┌────────

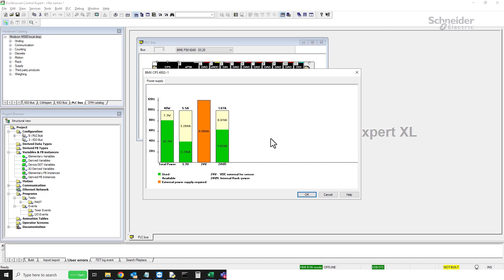Sometimes you might see an additional bar that shows 24V. There are some modules that require external power supply, and the system picks that up as well.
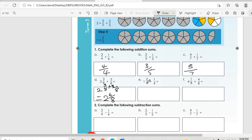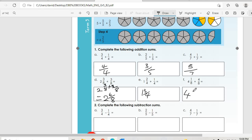One and two-over-four plus one-quarter: we add the fractions only, so two plus one is three-over-four, giving one and three-over-four. Four and one-over-eight plus four-over-eight: we get four and five-over-eight.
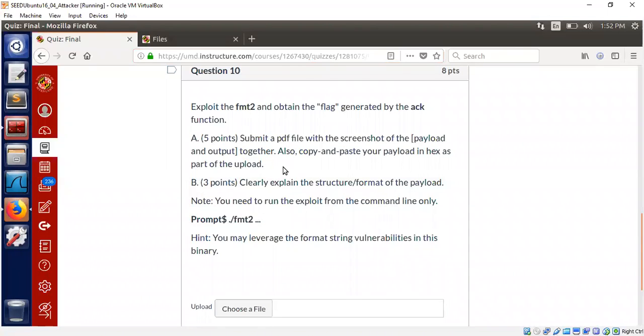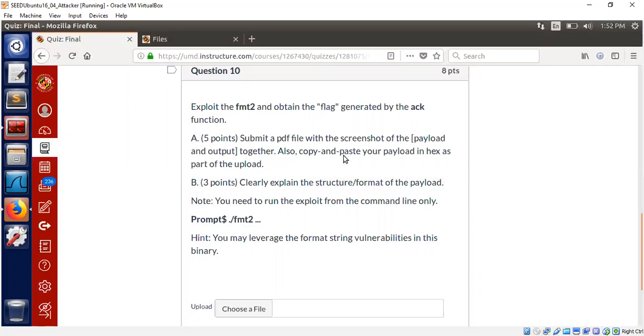Let's dive into the problem straight away. We need to analyze the fmt2 binary and update what they call flag. We need to come up with the payload that will trigger the vulnerability and upload the payload. That's all.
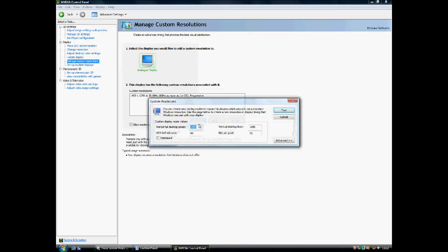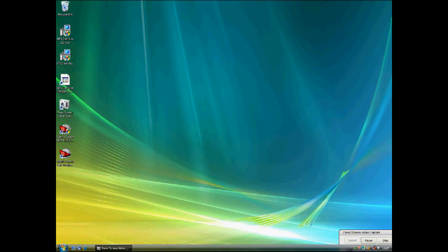Left-click Create and input the required resolution. For example, 1400 by 1050, and select Test.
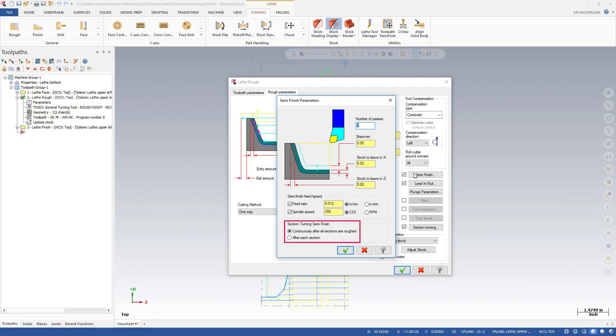Options to support section turning have also been added to the SemiFinish Parameters dialog box, allowing you to determine when and where to create SemiFinish passes.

└────────

*EXERCISE OBJECTIVE:* Would you restate the listing word for word and leave every picture out?

*SOLUTION FOR THIS TASK:*
Sometimes you might see an additional bar that shows 24V. There are some modules that require external power supply, and the system picks that up as well.
One and two-over-four plus one-quarter: we add the fractions only, so two plus one is three-over-four, giving one and three-over-four. Four and one-over-eight plus four-over-eight: we get four and five-over-eight.
Let's dive into the problem straight away. We need to analyze the fmt2 binary and update what they call flag. We need to come up with the payload that will trigger the vulnerability and upload the payload. That's all.
Left-click Create and input the required resolution. For example, 1400 by 1050, and select Test.
Options to support section turning have also been added to the SemiFinish Parameters dialog box, allowing you to determine when and where to create SemiFinish passes.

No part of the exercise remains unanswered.